Aernout Smit was an accomplished marine specialist who took his inspiration from Ludolf Bakhuizen and his teacher Jan Teunisz Blanckerhoff.[i] His paintings have often been mistaken for works by these artists. Smit indeed also copied works by, for instance Bakhuizen. In a notarial document of 1689 the artist declared that he had copied a view on the IJ on commission for a certain Hendrick Grel.[ii]
Aernout Smit was a prolific painter and his preserved output spans a wide range of marine subjects. He depicted seas as well as inland waters. His paintings show a great variety of shipping in different weather conditions. His stormy seas with sweeping clouds are spectacular. In his calms with their silvery tonality, of which our painting is a good example, Smit strikes a completely different mood. Smit only very rarely dated his paintings.[iii] The present evocative calm is therefore important in tracing the artist’s development.

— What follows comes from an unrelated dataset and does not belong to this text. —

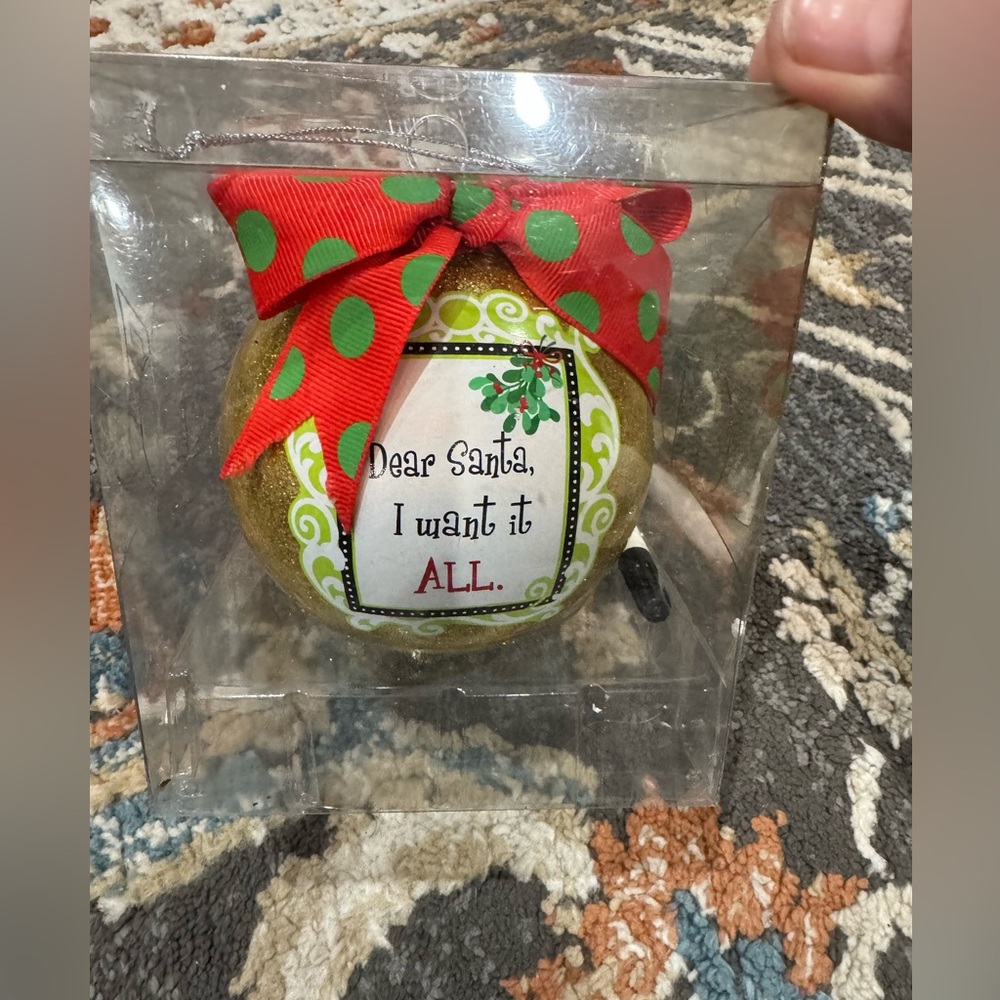 NIB Christmas Ornament Dear Santa I Want It‎ All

Documentary evidence relating to Smit’s life is scarce. He was probably born in Amsterdam. In a notarial document of 1667 the artist lists his age as “about 26”, which puts his date of birth in 1640/41. The said document reveals that Smit was employed by the art dealer Laurens Cornelisz de Coninck, for whom he presumably painted. According to the eighteenth-century biographer of artists Arnold Houbraken, Smit studied with Jan Teunisz Blanckerhoff, who worked in Amsterdam between 1659 and 1666. In 1688 the artist is mentioned as a member in the Amsterdam painters’ guild records.
[i] For a discussion for Bakhuizen’s influence on Smit and an analysis of Smit’s style and motifs, see: G. de Beer, Ludolf Backhuysen: Sein Leben und Werk (1630 - 1708), Zwolle 2002, pp. 192-197.
[ii] See for this: J. Giltaij & J. Kelch (eds.), Lof der zeevaart. De Hollandse zeeschilders van de 17e eeuw, exh. cat. Rotterdam (Boijmans-Van Beuningen); Berlin (Gemäldegalerie im Bodemuseum) 1996-97, p. 383.
[iii] Another painting dated 1671, showing four merchantmen scattered across the scene, with smaller vessels, is in a private collection in The Netherlands. A photo and documentation is at the RKD, The Hague (box 596). A marine with shipping before a Mediterranean coast, strongly reminiscent of his teacher Blanckerhoff, in the Statens Museum for Kunst, Copenhagen (inv. nr. 667) is dated 1678. A late coastal view, dated 1697, was with the Douwes Gallery in 1972 (photo at RKD, The Hague, in box 594).